My Story

I was diagnosed with Stage 3 Her2 positive breast cancer Dec. 27th, 2011. I had three large tumors in my left breast, I also had two positive lymph nodes and so with 5 positive biopsies I started my journey. In the beginning, it was a whirlwind and within a week, I was getting a port and preparing for chemo and the rush to save my life was on. Eight months later (August 20th) after stopping chemo (12 sessions) and not having surgery (a suggested double mastectomy) or radiation like my doctors wanted me to, I sat at Cancer Treatment Centers of America in Illinois and heard the results of a mammogram, MRI, Pet Scan and blood tests were that they could find no cancer in my body. The nurses and doctors were baffled and no one could explain how I could have had this terrible cancer and it was now gone, except for me. I said the Lord healed me through prayers, education, diet and supplements. I started this blog when I was first diagnosed, it is not just about on cancer, but my life and day-to-day thoughts and activities. There are suggested websites, blogs, videos and more here that I believe can benefit those dealing with cancer and those who want to be preventative. My hope is that you and yours will learn, be encouraged and healed. My family prays every night for those with cancer and that you will be not only be healed but that you will live long and happy lives.
Please check out the right side and scroll down to "This blog" for highlights.
Love and Blessings on your journey.
Karri

Tuesday, February 14, 2012

February 12, 2012 - Notting Hill

I am so tired and I haven't been sleeping, up usually at 5:00 a.m. There are a mariad of issues all of which would take a while to address.
I am not happy about cancer right now and the way it is trying to knock me over with the insanity of it's agenda and schedule.
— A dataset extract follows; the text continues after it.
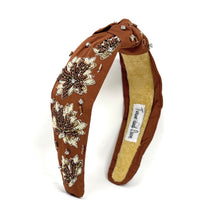 Load image into Gallery viewer, Brown headband with floral embellishments on a white background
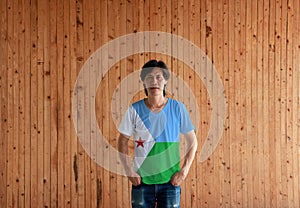 Man wearing Djibouti flag color shirt and standing with two hands in pant pockets on the wooden wall background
I can handle things pretty well for the most part, but quite honestly I feel like Julia Roberts in Notting Hill when she just wanted to get away from all the publicity and such. But in my case it's cancer I am trying to get away from and it's attached at the breast. Remember the door being opened and her being just so suprised and suddenly aware that she was found by all the people with their flashing cameras? I feel that way. I am so suprised still after 6 weeks now! This is my life and it hasn't seemed to slow down at all yet, in fact we are still at a crazy pace and speed and I just want to shut the door (like she did in the movie) on this cancer and walk on to something new and better.

Thank God for tomorrows, even if they aren't numbered.